L’artiste vit de son œuvre
Clints Pavelus est de la trempe de ceux qui chantent avec leur cœur depuis la plus tendre enfance. Mais pour devenir une star et conquérir les ondes, la formation est un passage obligé. C’est la raison pour laquelle il avait intégré l’École Nationale des Arts (ENARTS) où il a « appris » à chanter, alors qu’il performait déjà dans son église. À l’instar de tout jeune artiste, Clints a des projets plein la tête mais il a besoin d’encadrement pour pouvoir les réaliser. « Je ne fais que de la musique. Je ne travaille pas à côté. Comment vivre et me procurer tout ce dont j’ai besoin si l’église à laquelle j’appartiens ne me soutient pas économiquement? », déplore-t-il comme pour justifier sa décision d’aller évoluer ailleurs. « Le monde évangélique et le monde séculier sont deux environnements bien différents. On ne peut pas chanter un dimanche matin devant une assemblée chrétienne très conservatrice, après avoir performé la veille avec Lunise Morse du groupe Ram . Je ne le fais plus, mais je continue d’aller à l’église », ajoute le chanteur.

La fierté de connaître ses racines
Il s’est donné le temps de découvrir la musique traditionnelle, se rendant souvent dans les péristyles pour observer et comprendre. « J’ai véritablement acquis la compétence de la musique traditionnelle en allant à la source pour y découvrir cette tendance musicale », révèle Clints.

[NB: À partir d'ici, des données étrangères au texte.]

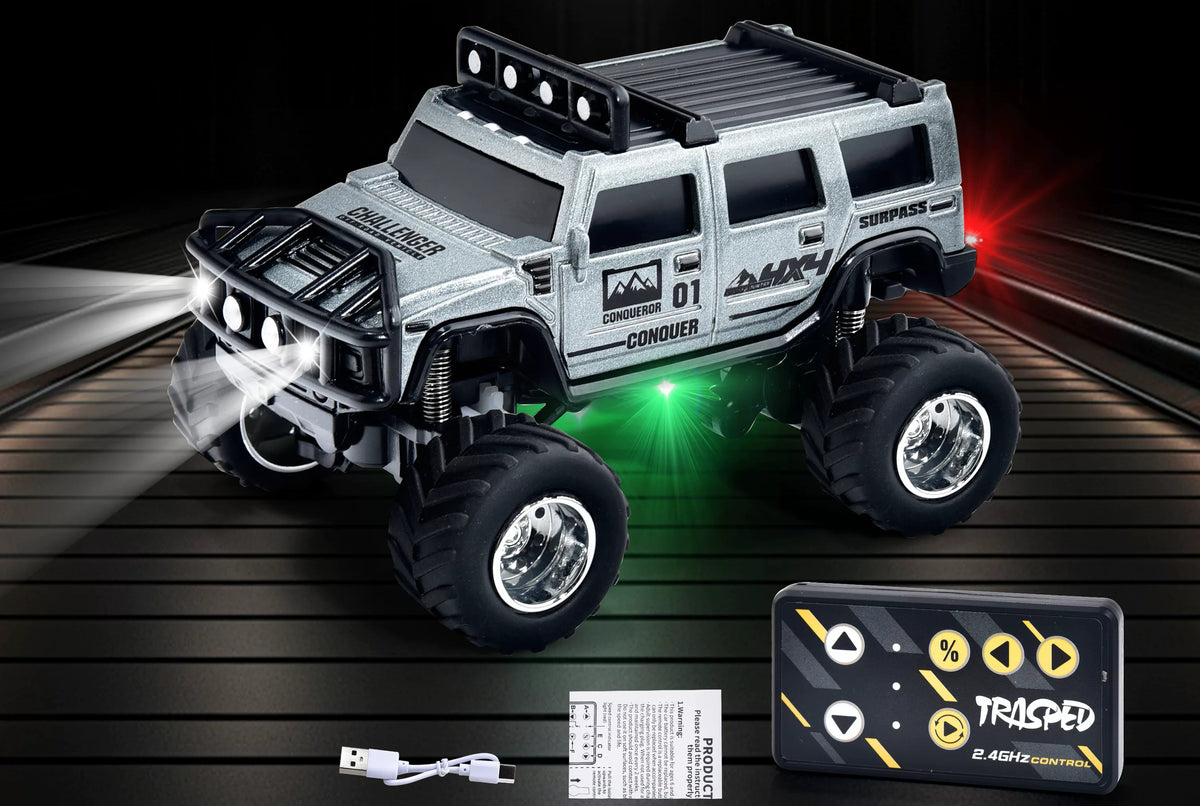 Silver Hummer-style mini RC SUV beside a card-style remote and USB cable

Depuis, il a multiplié les performances pour devenir l’artiste confirmé qu’il est aujourd’hui. C’est pourquoi le ministère de la culture l’a désigné pour représenter Haïti à la 13e édition de Carifesta, à la Barbade en août dernier. Son succès, il le doit en partie à Hérold Josué qui l’a formé sur le plan musical et artistique, mais également à Harry Lafont qui lui a taillé un costume typiquement haïtien. « Je n’ai pas trahi leur confiance puisque j’ai représenté brillamment Haïti avec le compas et la musique traditionnelle », se réjouit l’artiste. Fort de cet essor, Clints veut devenir un ambassadeur de la culture haïtienne et souhaite encourager les autres jeunes de sa génération à croire en leurs rêves.